Another approach hospitals are using to ease the nursing shortage is the recruitment of foreign nurses from Ireland to the Philippines.

The nursing shortage and others like it arise periodically in a host of occupations ranging from engineers to educators, from sushi chefs to shortstops. “It might be considered the fundamental question of people who study the economy,” said Mitchell, director of the UCLA Institute of Industrial Relations.

Professor Mitchell said it could be some time before the nursing shortage is solved and compared it to the boom and bust cycles that have been prevalent in engineering.

“In the mid-1960s,” he said, “engineering was the field to get into. It reflected a lot of things--government interest in keeping up with the Russians, money going into defense, aerospace, Vietnam.


“Then suddenly there was a big contraction in aerospace which coincided with a general economic downturn (in the early 1970s) but more severe. Suddenly, there were gluts of engineers who couldn’t find work. Engineering school enrollments began to fall as a result.”

Gradually, a shortage arose, Mitchell said, which created a secondary problem. The engineers who were available got snapped up by industry, and there were no engineering school graduates available to teach future engineers when the demand rose.

And he said wages did not rise fast enough to take care of the problem. “You get these things called cobweb cycles,” where it takes longer than anticipated to turn out new people to meet shortages.

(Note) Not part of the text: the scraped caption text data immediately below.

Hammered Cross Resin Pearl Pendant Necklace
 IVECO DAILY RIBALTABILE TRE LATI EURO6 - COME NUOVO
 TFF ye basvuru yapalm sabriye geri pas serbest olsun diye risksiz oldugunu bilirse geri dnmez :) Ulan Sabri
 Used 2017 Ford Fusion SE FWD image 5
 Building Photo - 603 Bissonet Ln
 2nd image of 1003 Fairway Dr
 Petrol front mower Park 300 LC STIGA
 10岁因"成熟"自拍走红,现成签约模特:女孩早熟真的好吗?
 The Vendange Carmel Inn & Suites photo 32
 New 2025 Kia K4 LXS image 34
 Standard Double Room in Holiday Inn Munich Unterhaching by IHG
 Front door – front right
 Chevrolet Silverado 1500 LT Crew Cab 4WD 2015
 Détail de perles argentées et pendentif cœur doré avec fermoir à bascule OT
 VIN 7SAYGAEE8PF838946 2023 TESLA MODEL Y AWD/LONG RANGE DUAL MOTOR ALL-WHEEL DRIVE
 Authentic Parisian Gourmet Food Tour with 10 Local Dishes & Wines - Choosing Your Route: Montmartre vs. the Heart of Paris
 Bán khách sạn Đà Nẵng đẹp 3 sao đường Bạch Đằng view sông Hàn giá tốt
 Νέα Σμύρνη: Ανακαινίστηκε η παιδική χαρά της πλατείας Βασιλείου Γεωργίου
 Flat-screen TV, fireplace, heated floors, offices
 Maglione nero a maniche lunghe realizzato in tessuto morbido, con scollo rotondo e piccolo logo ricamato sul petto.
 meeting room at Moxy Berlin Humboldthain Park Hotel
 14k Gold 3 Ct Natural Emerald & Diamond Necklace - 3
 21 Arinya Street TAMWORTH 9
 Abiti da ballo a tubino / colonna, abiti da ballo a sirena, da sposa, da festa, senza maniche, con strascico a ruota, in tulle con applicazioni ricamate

“You can’t turn the nursing shortage around overnight,” said Harley Shaiken, a labor and technology specialist at the University of California at San Diego. And he asserted that the fact that overall union representation in the U.S. had declined was an impediment to solving the problem. The reason, he said, is that a weakened union movement had the overall consequence of holding wages down, even in cases where there are shortages of workers.

“If you have a situation where wages and working conditions appear fixed, people become more reluctant to invest training and that contributes to unevenness in labor markets,” Shaiken said. “The irony is that, in the name of competitiveness, wages remain depressed--and that ultimately can depress competitiveness, because you can have a scarcity of critical workers.”


A survey of 558 hospitals nationwide by the San Diego office of the Wyatt Co., a international compensation and benefits firm, found the following:


Vacancy rate . . . for all nurses in all specialties averaged 15% nationally in 1987.

Top pay . . . for directors of nursing is rarely paid on par with other department directors in hospital management.

Average raise . . . for nursing managers was 6.3%, compared to 7.3% for other hospital managers.

Performance incentives . . . are rare in nursing.

Average base salary . . . for director of staff development is $33,300; head nurse psychiatric, $32,400; head nurse recovery room, $31,800; head nurse medical-surgical, $31,100; head nurse home health, $30,600; patient review coordinator, $27,500; nurse practitioner, $26,700.